仏司法相が辞任、テロ対策での国籍剥奪案を批判
パリ(CNN) フランス大統領府は28日までに、同国のクリスチャーヌ・トビラ司法相が辞任を申し出て、オランド大統領がこれを承諾したとの声明を発表した。
同大統領が実現を図る、テロ関連犯罪などで有罪と決まった二重国籍者からの仏国籍剥奪(はくだつ)を盛り込む憲法改正に関する意見対立が辞任理由となっている。

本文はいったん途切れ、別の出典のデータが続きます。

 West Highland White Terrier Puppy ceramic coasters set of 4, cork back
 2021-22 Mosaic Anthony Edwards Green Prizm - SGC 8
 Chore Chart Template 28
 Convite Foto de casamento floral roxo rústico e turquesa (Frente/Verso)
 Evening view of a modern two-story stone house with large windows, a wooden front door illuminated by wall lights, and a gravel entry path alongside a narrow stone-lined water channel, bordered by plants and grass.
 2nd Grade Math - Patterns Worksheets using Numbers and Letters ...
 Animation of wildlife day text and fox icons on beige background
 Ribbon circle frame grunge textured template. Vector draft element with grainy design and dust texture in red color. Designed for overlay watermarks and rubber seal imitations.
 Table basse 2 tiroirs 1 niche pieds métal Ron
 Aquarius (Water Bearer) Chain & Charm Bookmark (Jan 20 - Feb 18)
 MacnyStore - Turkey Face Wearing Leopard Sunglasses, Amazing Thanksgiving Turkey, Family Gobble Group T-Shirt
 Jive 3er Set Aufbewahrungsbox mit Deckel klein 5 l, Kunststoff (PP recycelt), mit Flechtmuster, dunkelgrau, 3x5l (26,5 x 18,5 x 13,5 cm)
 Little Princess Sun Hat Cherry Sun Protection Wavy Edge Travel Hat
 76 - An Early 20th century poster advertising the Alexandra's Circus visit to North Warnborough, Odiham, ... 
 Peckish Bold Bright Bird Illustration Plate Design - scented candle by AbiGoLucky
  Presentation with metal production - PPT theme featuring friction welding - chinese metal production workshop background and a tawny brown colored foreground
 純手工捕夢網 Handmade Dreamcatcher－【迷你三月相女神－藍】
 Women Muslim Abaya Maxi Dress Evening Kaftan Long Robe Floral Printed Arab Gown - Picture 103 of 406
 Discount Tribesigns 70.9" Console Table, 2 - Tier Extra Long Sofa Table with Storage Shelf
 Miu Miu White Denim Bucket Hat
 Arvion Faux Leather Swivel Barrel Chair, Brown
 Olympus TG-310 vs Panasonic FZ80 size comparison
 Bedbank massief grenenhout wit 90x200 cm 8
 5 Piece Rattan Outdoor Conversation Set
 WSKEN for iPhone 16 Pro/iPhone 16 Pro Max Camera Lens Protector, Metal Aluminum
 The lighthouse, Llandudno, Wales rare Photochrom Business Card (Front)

後任の司法相には、下院法務委員会のジャンジャック・ユルボアス委員長を起用した。大統領府の声明は、同委員長は憲法改正を支持していると述べた。
オランド大統領は、首都パリで昨年11月に起きた同時多発テロ後、二重国籍者から国籍剥奪を認める憲法改正を模索。大統領は過激派「イラク・シリア・イスラム国(ISIS)」が引き起こした同事件後、フランスはISISとの戦争状態にあるとも宣言していた。
ISISに加わった仏国籍者は数百人規模とされる。
国籍剥奪を狙う憲法改正については異論も出され、トビラ氏もその1人だった。南米の仏領ギアナ出身の前司法相は27日、記者団に辞任を決めた理由は重要だと強調。自分自身、信念や価値観などに誠実であることを重視して決めたと明かした。
テロの脅威は重大と受け止めながらも、国籍剥奪の議論はフランスの建国理念とは相いれないなどとも主張した。辞意を表明した27日にはツイッター上で「抵抗するためとどまることもあれば、去ることもある」とも述べていた。